Variable selection is an important topic that is the focus of a lot current research in machine learning. There was also a large number of “step-wise” regression procedures used for variable selection in last century, but they didn’t work (i.e., different procedures resulted in different models and there were no good criteria by which to choose amongst them). If you have a research scenario that requires variable selection, this problem is best dealt with through machine learning. If you are interested, check out this resource: https://glmnet.stanford.edu (and feel free to ask questions in class!).
A note on terminology: In some research areas, “hierarchical” is used to refer to multilevel models (e.g., “hierarchical linear models” in sociology). That is not the usage here. It would make sense to refer to the types of models we are calling “hierarchical” as “step-wise”, but, as mentioned in the previous point, the term “step-wise” already refers to a large number flawed techniques for variable selection. So… here we are.

One last thing: The overall idea of this chapter is that you should build models that answer your research questions. For concreteness, this chapter discusses the main statistical techniques for model building in the context of hierarchical regression. But, you don’t need to use hierarchical regression – the same techniques can be used in other ways creative ways as well.

6.1 Hierarhical models

The key ideas of hierarchical regression are:

Partition the predictors into conceptual “blocks”. Each block contains at least one predictor, but they usually contain more than one (e.g., “control variables”, “home factors”). No predictor can be included in more than one block.
Build a series of regression models in which the blocks are entered into the model sequentially. For this to be hierarchical model building, it is required that each new model in the series includes the blocks from all previous models. So, with three blocks we would have:

\[ \begin{align} & \text{Model 1: Block 1} \\ & \text{Model 2: Block 1 + Block 2} \\ & \text{Model 3: Block 1 + Block 2 + Block 3} \\ \end{align} \]

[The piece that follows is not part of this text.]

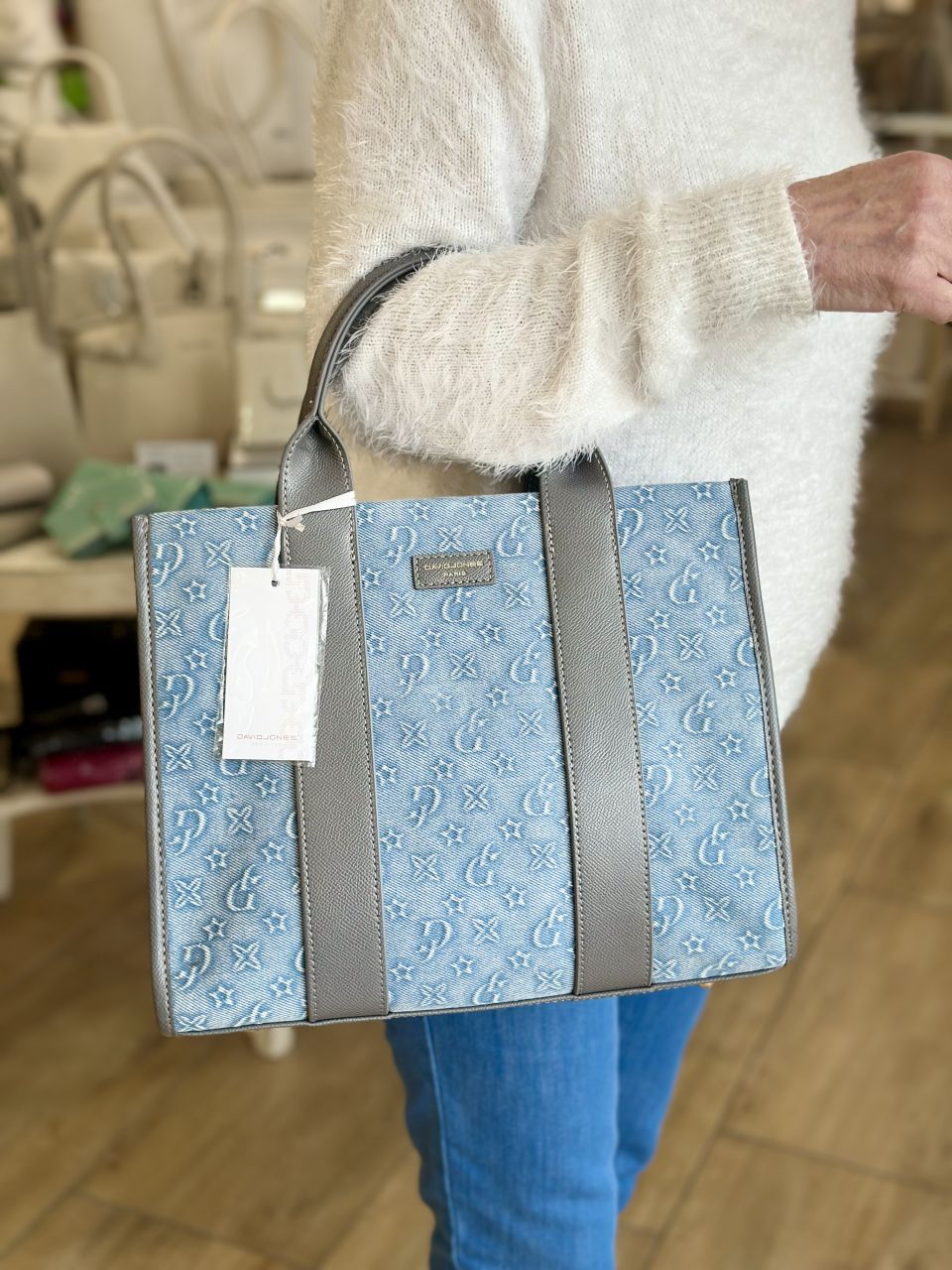 Kék David Jones farmer kézitáska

Compare the R-squared value of each model to that of the previous model. This allows us to determine whether each new block “adds anything” to the model. To see how this works, denote the R-squared values of our three models as \(R^2_1, R^2_2, R^2_3\), respectively. Then we proceed as follows:
- Compute \(R^2_1\) to evaluate the contribution of Block 1.
- Compute \(\Delta R^2_{21} = R^2_2 - R^2_1\) to evaluate contribution of Block 2, controlling for Block 1
- Compute \(\Delta R^2_{32} = R^2_3 - R^2_2\) to evaluate contribution of Block 3, controlling for Block 1 & 2.

The symbol \(\Delta R^2\) is pronounced “delta R-squared.” It always has two subscripts, which denote the two models being compared.

The main advantage of hierarchical modeling is that we partition the total variance explained by all of the predictors into parts contributed uniquely by each block. In particular, it follows from the definition of delta R-squared that:

\[ R^2_3 = R^2_1 + \Delta R^2_{21} + \Delta R^2_{32}. \] This means that the variation explained by all of the predictors together (\(R^2_3\)) can be separated into the 3 distinct components that are isolated by using hierarchical approach.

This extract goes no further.